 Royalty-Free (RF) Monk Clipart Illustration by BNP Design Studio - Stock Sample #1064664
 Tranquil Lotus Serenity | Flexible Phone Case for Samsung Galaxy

+ + + + + + +

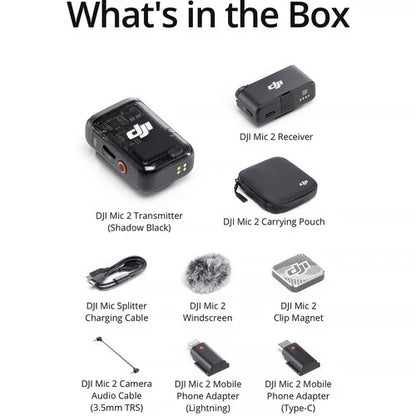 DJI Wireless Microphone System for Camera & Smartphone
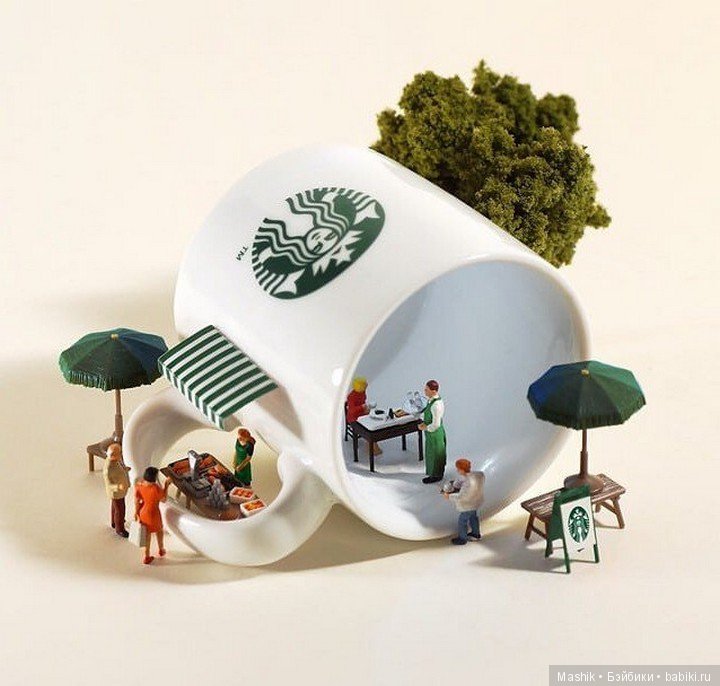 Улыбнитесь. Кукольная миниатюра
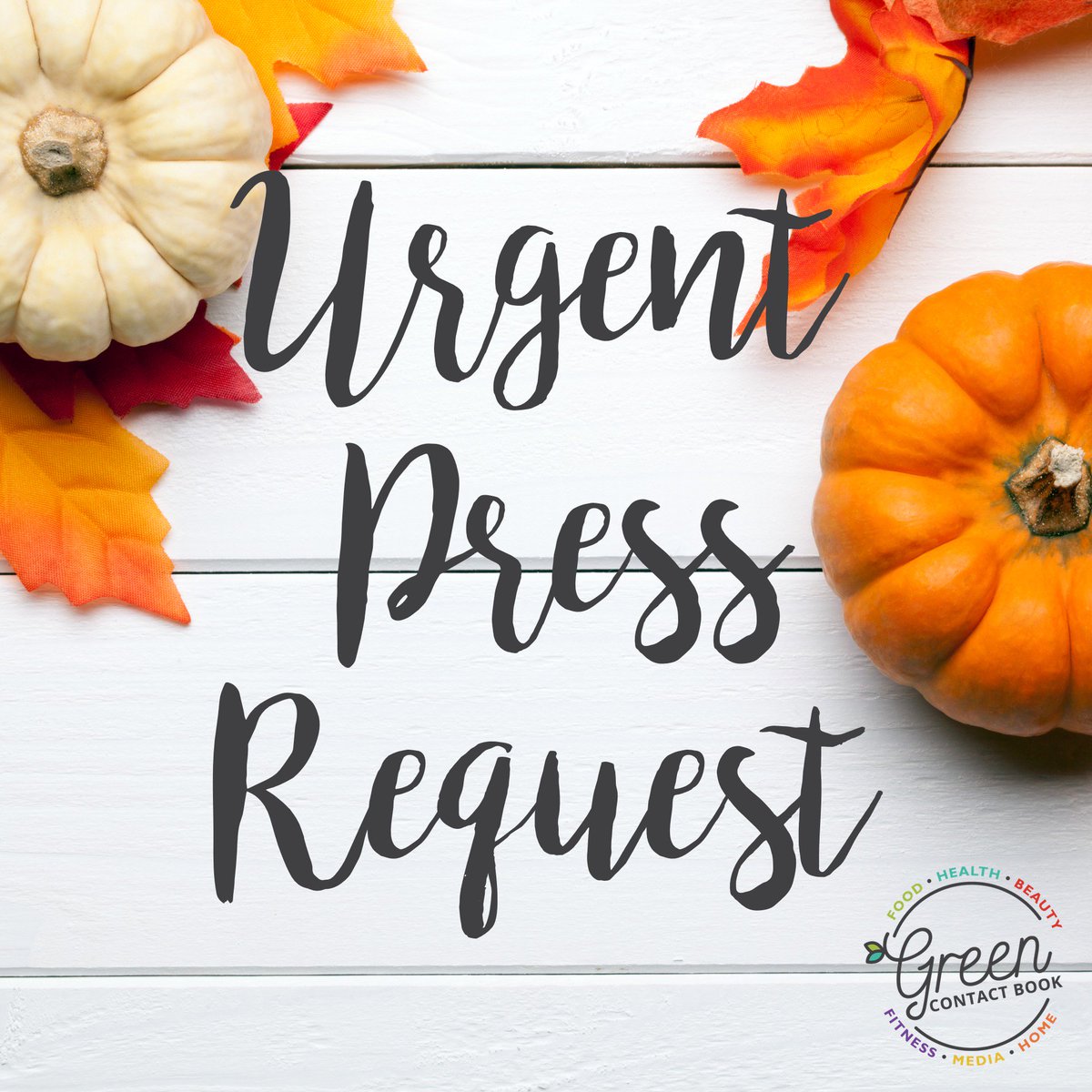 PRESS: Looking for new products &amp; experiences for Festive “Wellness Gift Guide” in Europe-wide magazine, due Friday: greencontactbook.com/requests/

+ + + + + + +

— About this task —
Look above for the line containing "Улыбнитесь. Кукольная миниатюра", then copy exactly from it through the line containing "PRESS: Looking for", keeping both and leaving out pictures. Add nothing else.

— Result for this exercise —
 Улыбнитесь. Кукольная миниатюра
 PRESS: Looking for new products &amp; experiences for Festive “Wellness Gift Guide” in Europe-wide magazine, due Friday: greencontactbook.com/requests/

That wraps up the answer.